People often respond to Israel’s impunity by pointing to ignored laws: Geneva Conventions, UN resolutions, the Rome Statute of the International Criminal Court. But even with the best intentions, this view keeps alive a myth: that international law is fair and neutral but just not being used properly. Maybe it’s that very idea that’s the problem.
Power and domination
International law was never just about justice. It’s always been about managing global power. Its rules, exceptions and institutions are built around the interests of dominant states. There’s no law separate from politics, only laws that serve certain political agendas.
Israel’s impunity isn’t a gap in the legal system. It’s part of the system’s design. The very idea of “crime” becomes flexible, delayed, displaced. Legal statements without enforcement, trials that never come, diplomatic talks that go nowhere – these all pretend to hold power accountable while doing the opposite. Impunity isn’t a glitch; it’s the main feature.

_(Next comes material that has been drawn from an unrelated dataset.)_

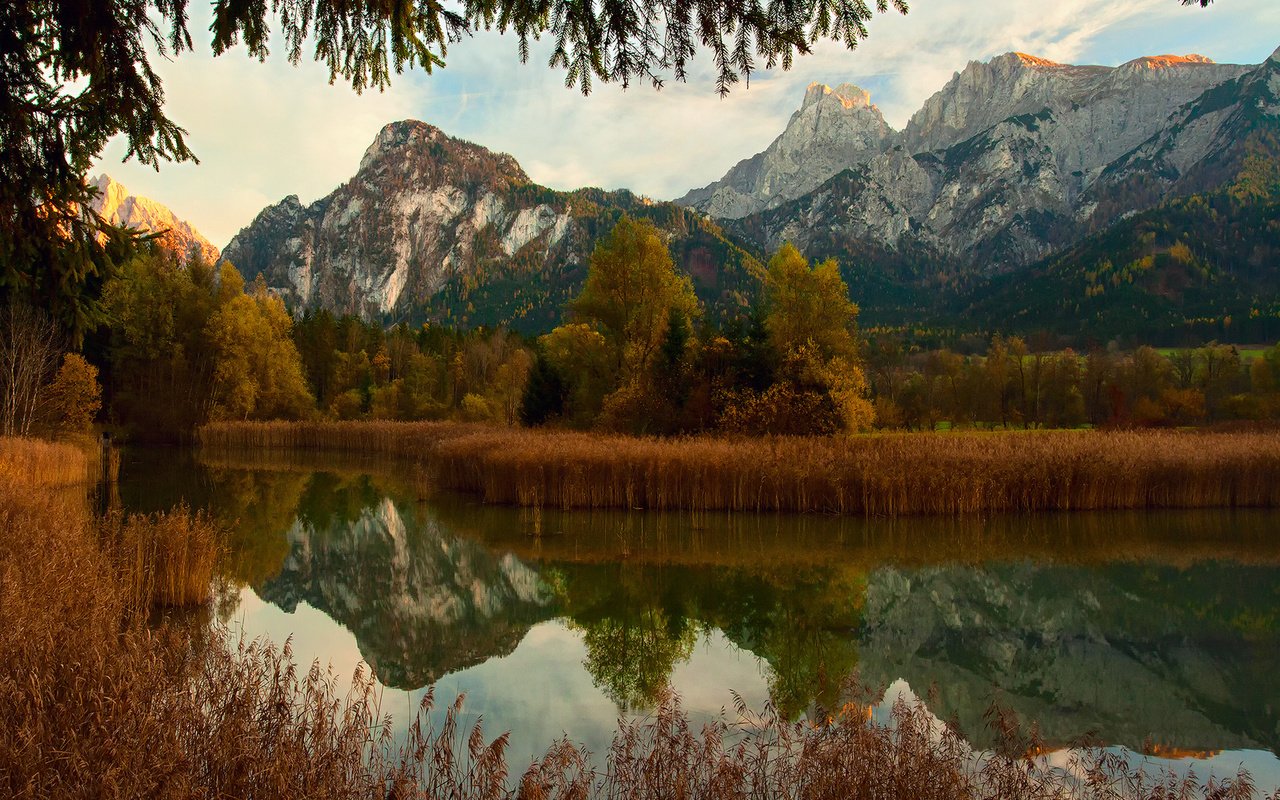 Обои река, горы, природа, лес, осень, river, mountains, nature, forest, autumn разрешение 1920x1200 Загрузить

With Israel’s strategic importance, US protection and ideological alignment with Europe, legal consequences are off of the table. The West claims to uphold international law while breaking or ignoring it when it suits its allies. It becomes the exception that writes the rules. What we need isn’t a better version of this system. We need a complete break from it.
This starts with disillusionment. Justice won’t come from courts or resolutions. Law isn’t neutral, and it can’t lead to liberation unless we rethink it completely from the ground up, from the perspective of those who have been silenced. We don’t need to abandon law, but we do need to stop worshipping it. To be a tool for freedom, law must be torn down and rebuilt.
That doesn’t mean giving up on legality. It means taking it back. Turning it from a gatekeeper into a tool for justice. A law that demands action, not recognition. Justice that acts, not begs. In this view, international law isn’t where Palestinian freedom will be granted, it’s one of the places where the fight is happening. The genocide of Palestinians doesn’t show us where law fails. It shows us what law truly is. And it challenges us not to fix it, but to transform it.
A version of this op-ed was originally published in Italian by L’Antidiplomatico.
Pasquale Liguori is an independent writer, urban photographer and pharmacologist.